How to Calculate the Coefficient of Kinetic Friction for a Sliding Baseball Player

Question

A baseball player with mass m = 79.0 kg, sliding into second base, is retarded by a frictional force of magnitude 490 N. What is the coefficient of kinetic friction μₖ between the player and the ground?

Accepted Answer

0.631 (unitless)

Answer

Step 1: Recall the formula for kinetic friction force: $F_f = \mu_k F_N$, where $F_f$ is the kinetic friction force, $\mu_k$ is the coefficient of kinetic friction, and $F_N$ is the normal force. Step 2: For an object on a horizontal surface, the normal force equals the object's weight.
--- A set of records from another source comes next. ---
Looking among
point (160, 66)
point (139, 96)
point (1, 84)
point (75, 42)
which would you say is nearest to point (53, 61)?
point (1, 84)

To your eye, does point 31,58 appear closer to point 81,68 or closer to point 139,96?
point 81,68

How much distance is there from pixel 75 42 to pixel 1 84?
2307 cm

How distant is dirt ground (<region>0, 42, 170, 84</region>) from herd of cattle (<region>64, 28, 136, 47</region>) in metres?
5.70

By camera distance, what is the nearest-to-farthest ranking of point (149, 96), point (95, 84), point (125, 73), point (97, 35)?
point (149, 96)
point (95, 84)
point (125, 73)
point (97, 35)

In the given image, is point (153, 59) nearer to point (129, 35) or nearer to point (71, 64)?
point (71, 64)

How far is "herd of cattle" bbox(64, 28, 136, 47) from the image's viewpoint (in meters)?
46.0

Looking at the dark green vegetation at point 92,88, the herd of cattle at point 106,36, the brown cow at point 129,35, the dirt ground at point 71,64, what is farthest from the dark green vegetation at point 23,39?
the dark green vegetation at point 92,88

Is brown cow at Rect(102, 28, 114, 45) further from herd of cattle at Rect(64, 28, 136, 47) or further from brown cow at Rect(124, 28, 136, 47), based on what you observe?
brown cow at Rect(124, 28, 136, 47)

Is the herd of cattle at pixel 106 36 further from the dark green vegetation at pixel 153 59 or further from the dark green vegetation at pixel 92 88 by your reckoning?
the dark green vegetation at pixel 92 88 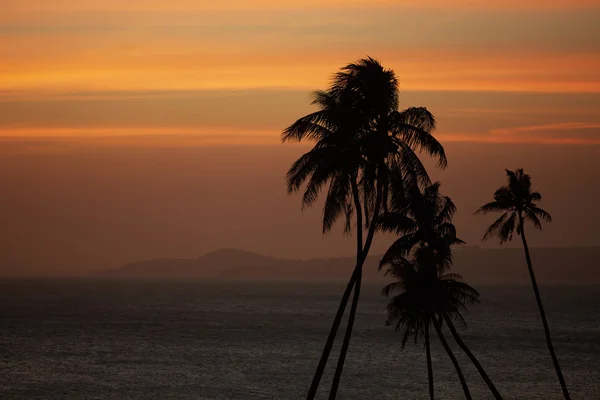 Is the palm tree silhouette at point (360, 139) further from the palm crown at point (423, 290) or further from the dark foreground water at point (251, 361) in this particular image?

Calculate the weight: $F_N = mg$, where $m = 79.0\ kg$ and $g = 9.81\ m/s^2$. So $F_N = 79.0\ kg \times 9.81\ m/s^2 = 774.99\ N$. Step 3: Rearrange the kinetic friction formula to solve for $\mu_k$: $\mu_k = \frac{F_f}{F_N}$. Substitute the known values: $\mu_k = \frac{490\ N}{774.99\ N} \approx 0.631$. Step 4: Confirm that the coefficient of kinetic friction is a unitless quantity, as the units of force cancel out.